Contrast this with the recent utterly defeatist tone of Rod Dreher's recent piece, The Coming Christian Collapse:
Spencer predicted that Catholicism and Orthodoxy would benefit from this collapse. Maybe so, but he must have had no idea how unprepared Catholicism and Orthodoxy are to react to these developments among Evangelicals. We can hardly keep our own young people, much less offer a safe, strong position for refugees from the Evangelical collapse to land. In theory, we have it. But we either don’t really believe what our own traditions teach about themselves, or we don’t care enough about it to teach it effectively to our own young.
Conclusion: Christianity in America is strong in pockets, but mostly its strength is only apparent. It is a façade that will come tumbling down when social conditions are right. This is something that most of us Christians will live to see. This is something that few of us Christians will have prepared for.

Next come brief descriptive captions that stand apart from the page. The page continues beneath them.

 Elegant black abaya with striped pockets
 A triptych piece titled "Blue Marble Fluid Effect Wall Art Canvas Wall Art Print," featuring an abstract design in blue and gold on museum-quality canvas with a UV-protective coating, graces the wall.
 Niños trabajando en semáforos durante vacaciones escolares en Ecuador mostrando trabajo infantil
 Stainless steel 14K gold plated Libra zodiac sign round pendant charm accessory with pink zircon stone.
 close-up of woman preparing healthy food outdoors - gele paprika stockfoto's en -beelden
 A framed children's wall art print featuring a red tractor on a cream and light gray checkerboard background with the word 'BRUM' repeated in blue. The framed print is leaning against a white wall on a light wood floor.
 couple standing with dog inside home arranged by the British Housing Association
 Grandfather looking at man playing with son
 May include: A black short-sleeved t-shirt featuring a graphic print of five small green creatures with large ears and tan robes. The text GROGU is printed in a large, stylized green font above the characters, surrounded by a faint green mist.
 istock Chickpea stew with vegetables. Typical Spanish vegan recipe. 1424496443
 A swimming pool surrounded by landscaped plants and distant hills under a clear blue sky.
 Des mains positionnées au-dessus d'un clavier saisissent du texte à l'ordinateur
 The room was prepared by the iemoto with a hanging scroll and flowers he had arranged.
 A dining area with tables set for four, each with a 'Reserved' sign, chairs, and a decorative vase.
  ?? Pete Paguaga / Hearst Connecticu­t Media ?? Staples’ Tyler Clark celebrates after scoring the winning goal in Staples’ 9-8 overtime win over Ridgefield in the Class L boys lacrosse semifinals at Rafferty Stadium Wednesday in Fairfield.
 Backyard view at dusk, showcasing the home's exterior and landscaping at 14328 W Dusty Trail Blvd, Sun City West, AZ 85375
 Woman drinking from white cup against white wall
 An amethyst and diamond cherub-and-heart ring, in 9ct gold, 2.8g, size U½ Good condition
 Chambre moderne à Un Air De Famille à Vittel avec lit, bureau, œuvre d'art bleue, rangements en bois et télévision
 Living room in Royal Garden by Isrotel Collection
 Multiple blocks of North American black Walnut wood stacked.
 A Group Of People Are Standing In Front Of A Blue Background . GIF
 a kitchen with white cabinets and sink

And when it happens, our bishops, leading pastors, and senior laymen will be like the GOP Establishment in the Age of Trump, left to wonder what in the hell happened.
Wrong, Rod. As I wrote in the comments section under his article, "I beg to differ . . . . Ruin is coming to the West, and the Church will be the sole beneficiary", and in a friendly tweak to his despondent nose, I posted this video from Apollo 13:
"There’s no doubt in my mind that Christians will populate these American shores for a long time after our insecure degree-toting elites have been relegated to the pages of dusty books." Lu is right and Dreher is wrong. Lu is right because the Church is Christ's and Christ is the Dread Sovereign and Lord of History. Ruin is coming to the West, which is to say, to the liberal elite who imagine that they run the West, but whose program has been an abject failure and whose states no longer enjoy political legitimacy, if they ever did. They are going down, and they're going down hard. They will go down because we will take them down one way or the other, either by our efforts alone (pass the ammunition), our efforts aided by supernatural blessing (praise the Lord and pass the ammuntion), or by supernatural means alone (Praise the Lord, i.e., the Eschaton.)
Rod: stop wringing your hands and cowboy the you-know-what up. "¡Viva Cristo Rey!"